Description of the task: Pictures are to be left out. Copy exactly, and only, the lines from the start of the entries below to the line with "Rufnummer 061039091100 Telefonnummer", both included.

[Data shown — start]

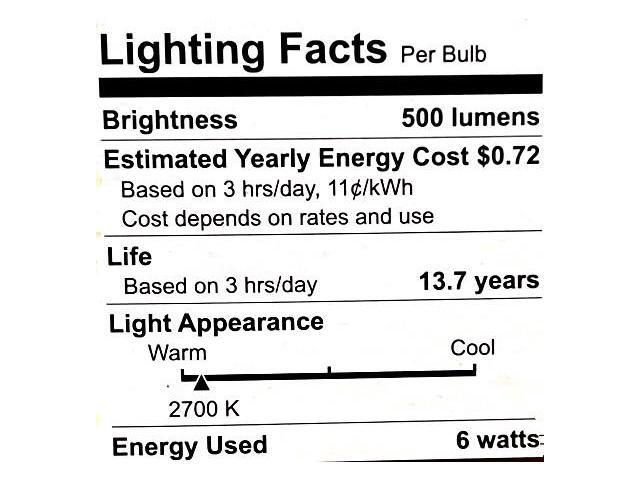 (3 bulbs) GE Relax LED G30 Vanity Globe, soft white, 6 watt, 500 lumen, 2700K Dimmable LED Light Bulb, medium base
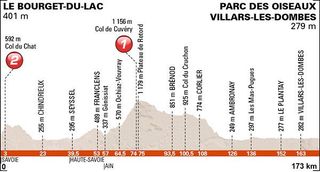 Stage 2 - Critérium du Dauphiné: Bouhanni takes victory on stage 2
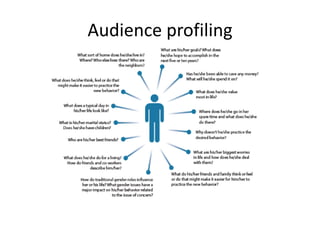 Audience profiling
 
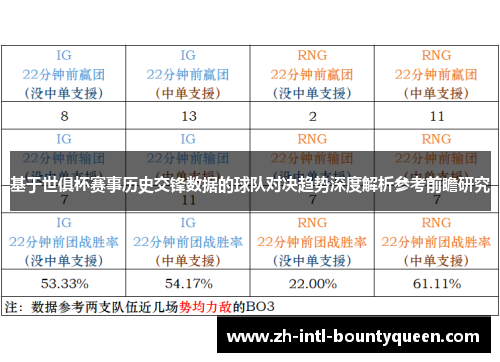 基于世俱杯赛事历史交锋数据的球队对决趋势深度解析参考前瞻研究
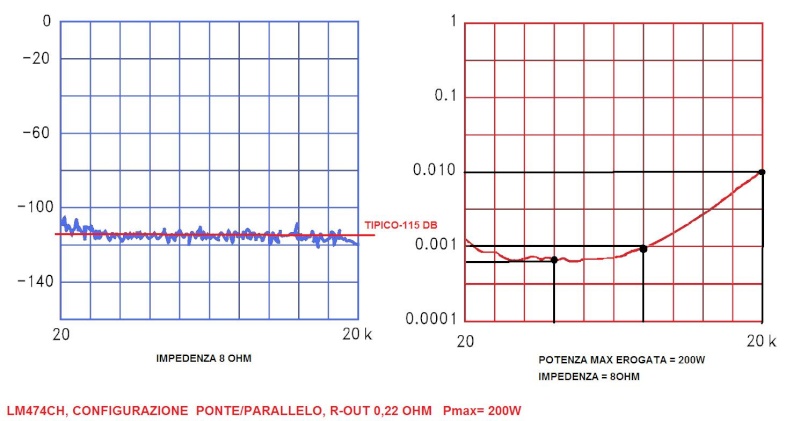 Nuovo Amplificatore HEAO (National LM4780 parallelo/ponte) - concorrenza al TA3020? Misura10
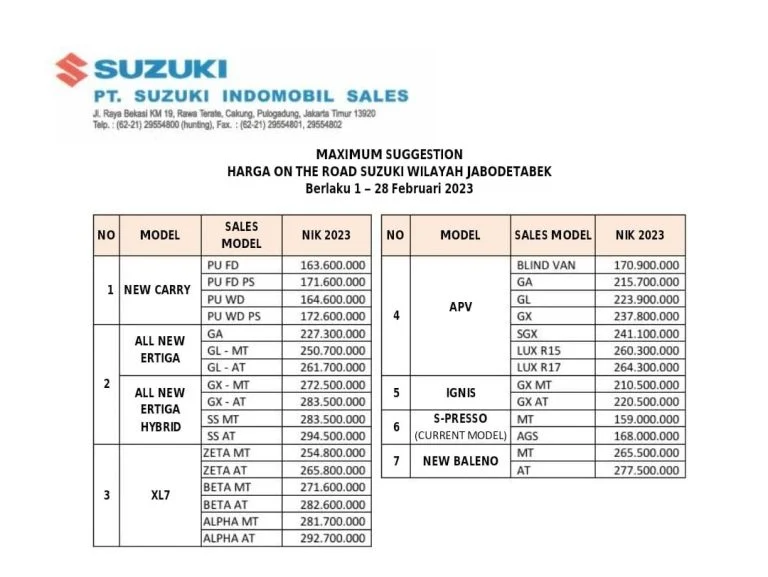 Terungkap! Daftar Harga Suzuki Terbaru Maret 2026: Semua Model, Spesifikasi, dan Harga Pasar Indonesia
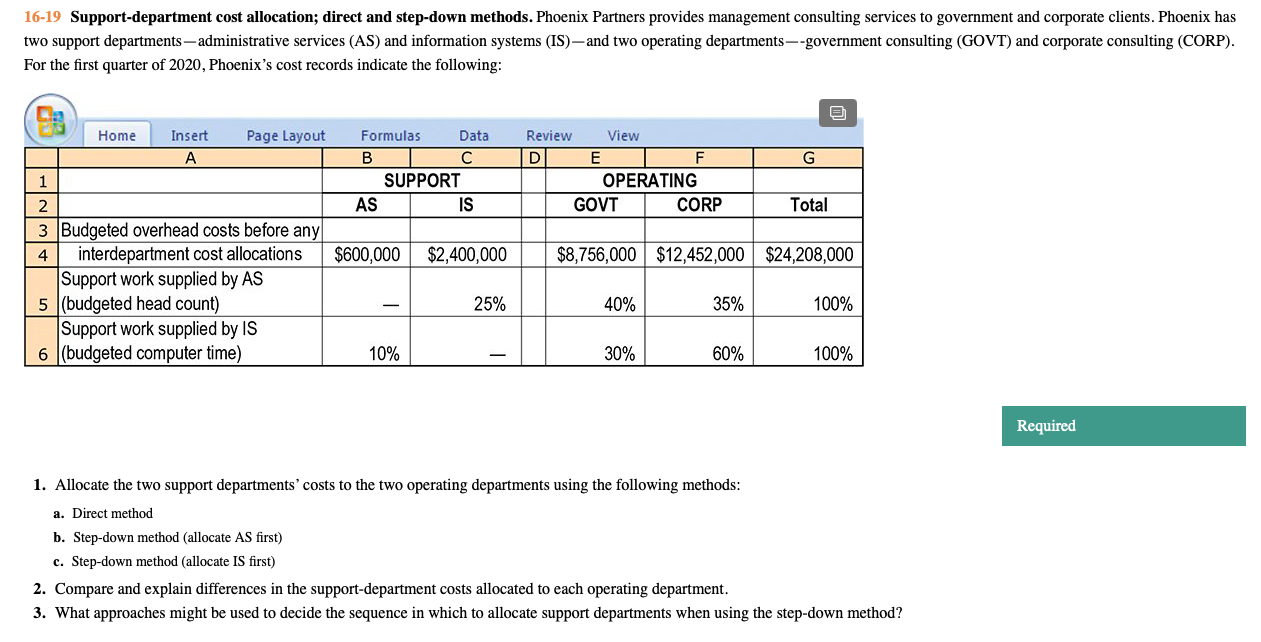 16-19 Support-department cost allocation; direct and step-down methods. Phoenix Partners provides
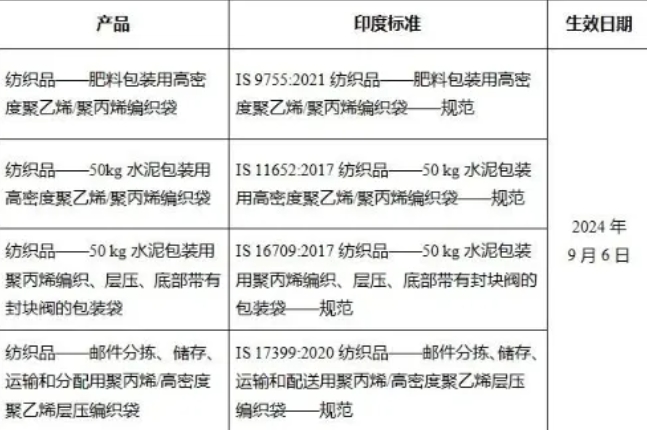 8月外貿(mào)新規(guī)來了，涉及國(guó)內(nèi)外政策、進(jìn)出口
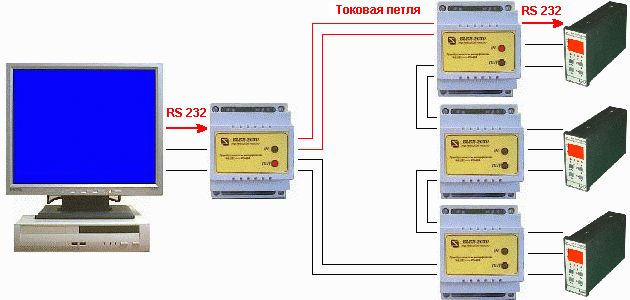 Схема соединения  И300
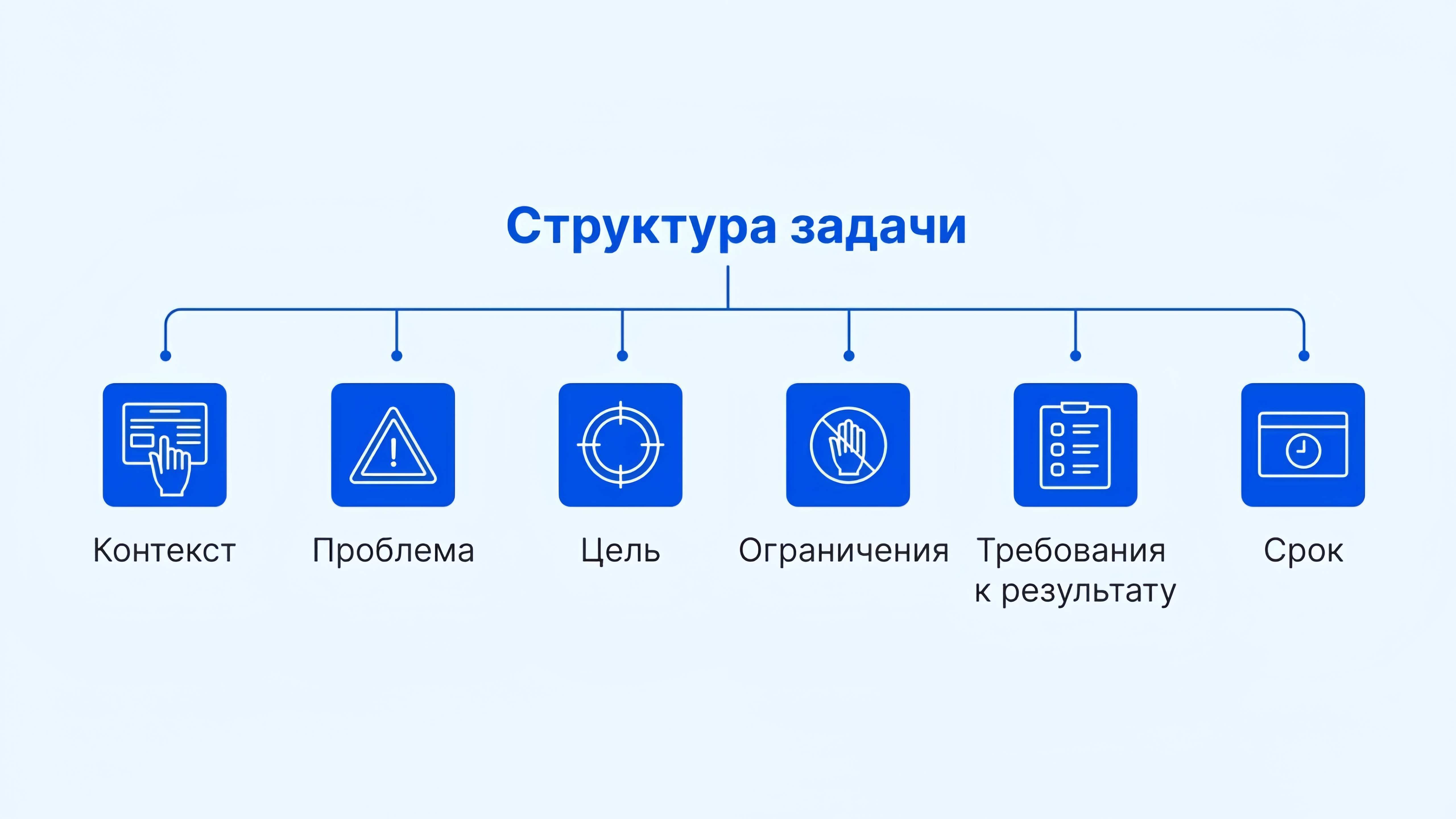 Структура задачи Структура задачи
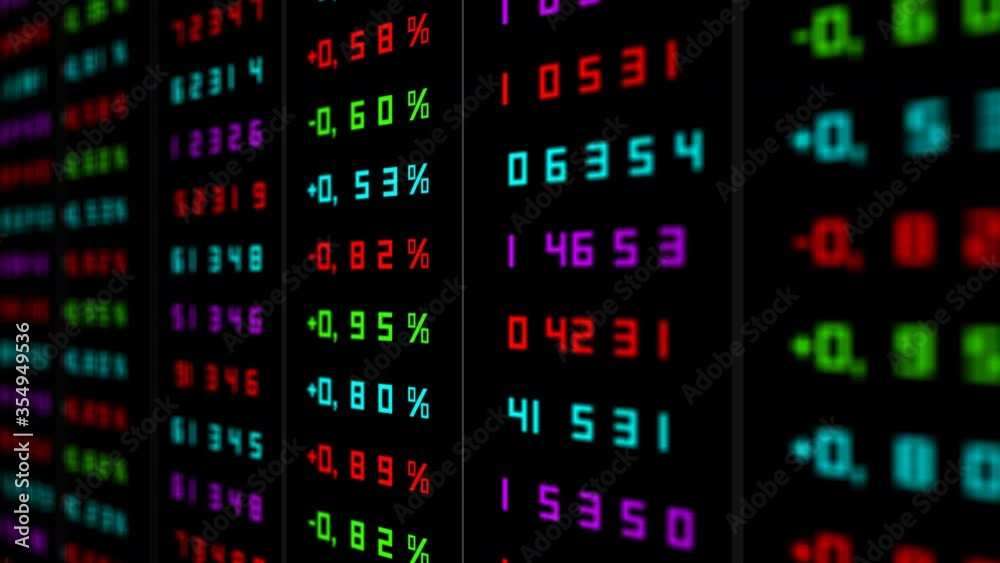 video, tabellone, schermo, profitto, numeri, cifre video, tabellone, schermo, profitto, numeri, cifre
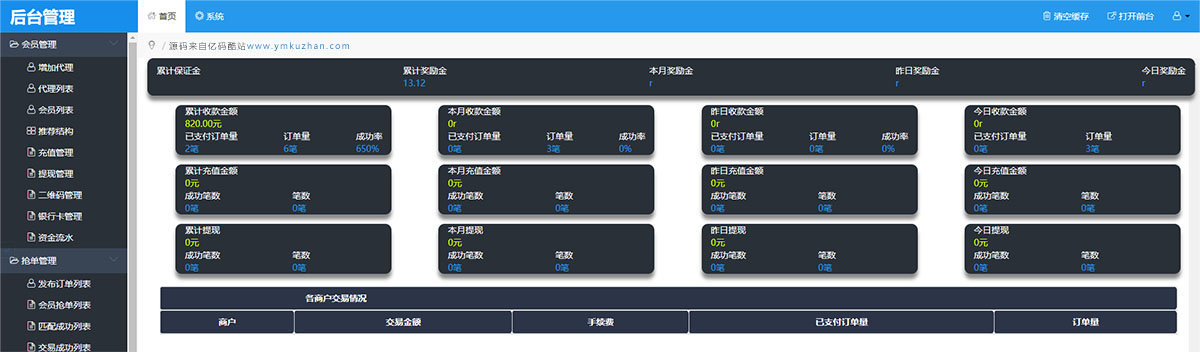 2020二開運營版全新UI界面支付搶單跑分源碼下載插圖6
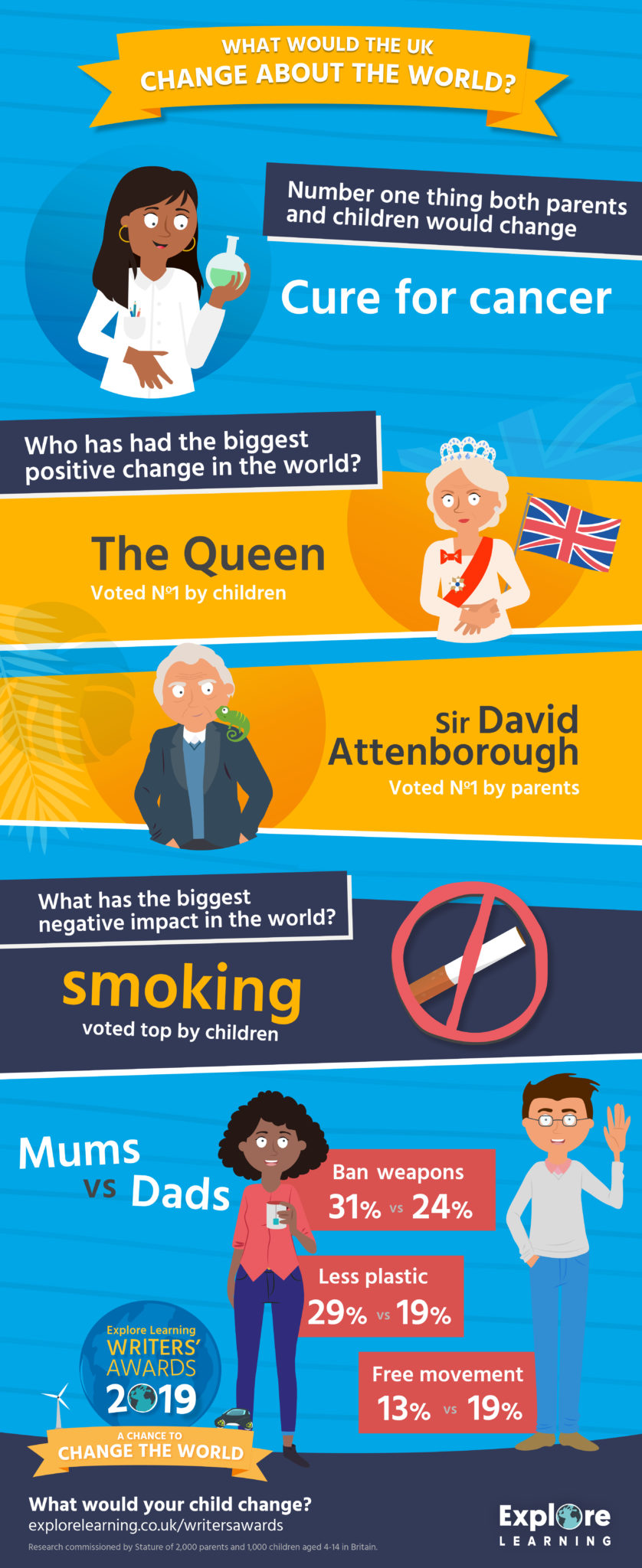 A chance to change the world infographic
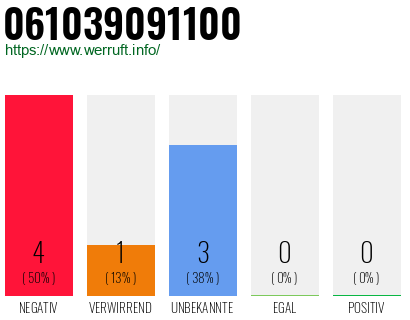 Rufnummer 061039091100 Telefonnummer 061039091100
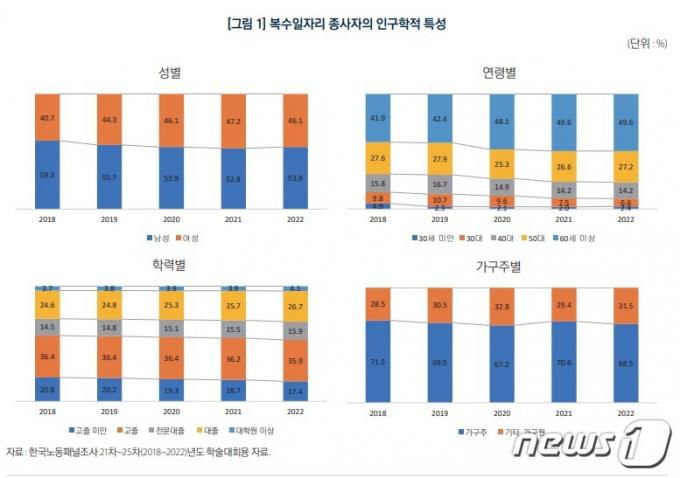 한국노동연구원 '복수 일자리 종사자의 현황과 특징' 보고서 자료 갈무리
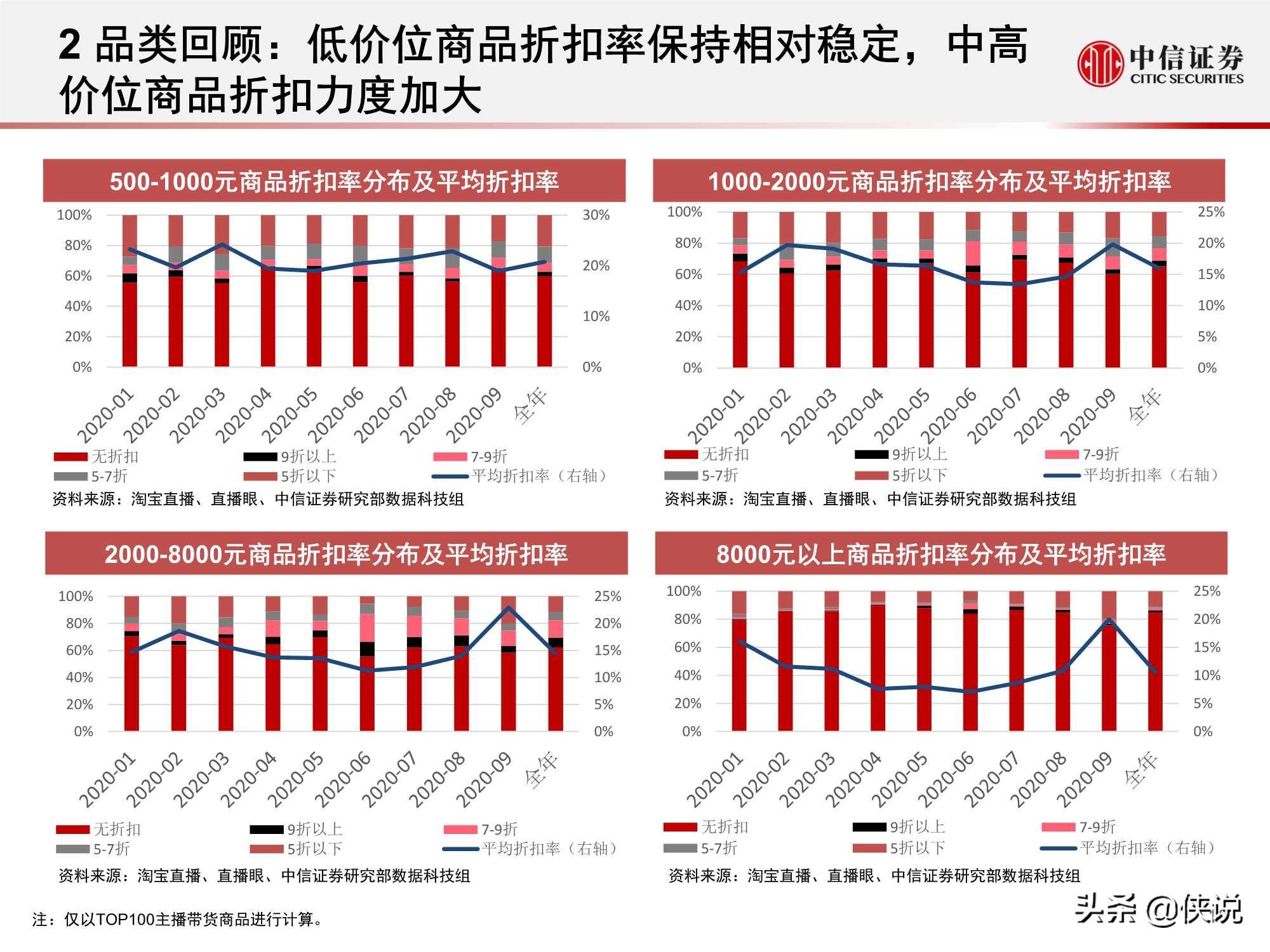 淘宝直播“带货矩阵”月度跟踪报告：高补贴高折扣预热双十一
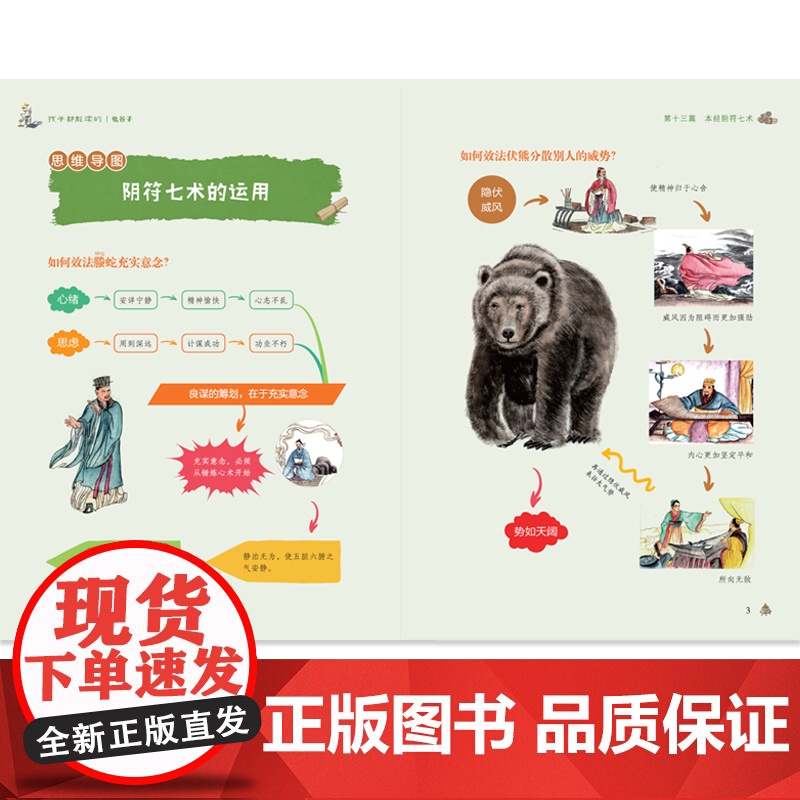 抖音同款]孩子都能读懂的鬼谷子儿童版 正版完整版全套书 全套六册培养孩子高情商表达反应能力绘本启蒙少年读漫画书经典国学故高清大图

[Data shown — finish]

Output of the task:
 (3 bulbs) GE Relax LED G30 Vanity Globe, soft white, 6 watt, 500 lumen, 2700K Dimmable LED Light Bulb, medium base
 Stage 2 - Critérium du Dauphiné: Bouhanni takes victory on stage 2
 Audience profiling
 
 基于世俱杯赛事历史交锋数据的球队对决趋势深度解析参考前瞻研究
 Nuovo Amplificatore HEAO (National LM4780 parallelo/ponte) - concorrenza al TA3020? Misura10
 Terungkap! Daftar Harga Suzuki Terbaru Maret 2026: Semua Model, Spesifikasi, dan Harga Pasar Indonesia
 16-19 Support-department cost allocation; direct and step-down methods. Phoenix Partners provides
 8月外貿(mào)新規(guī)來了，涉及國(guó)內(nèi)外政策、進(jìn)出口
 Схема соединения  И300
 Структура задачи Структура задачи
 video, tabellone, schermo, profitto, numeri, cifre video, tabellone, schermo, profitto, numeri, cifre
 2020二開運營版全新UI界面支付搶單跑分源碼下載插圖6
 A chance to change the world infographic
 Rufnummer 061039091100 Telefonnummer 061039091100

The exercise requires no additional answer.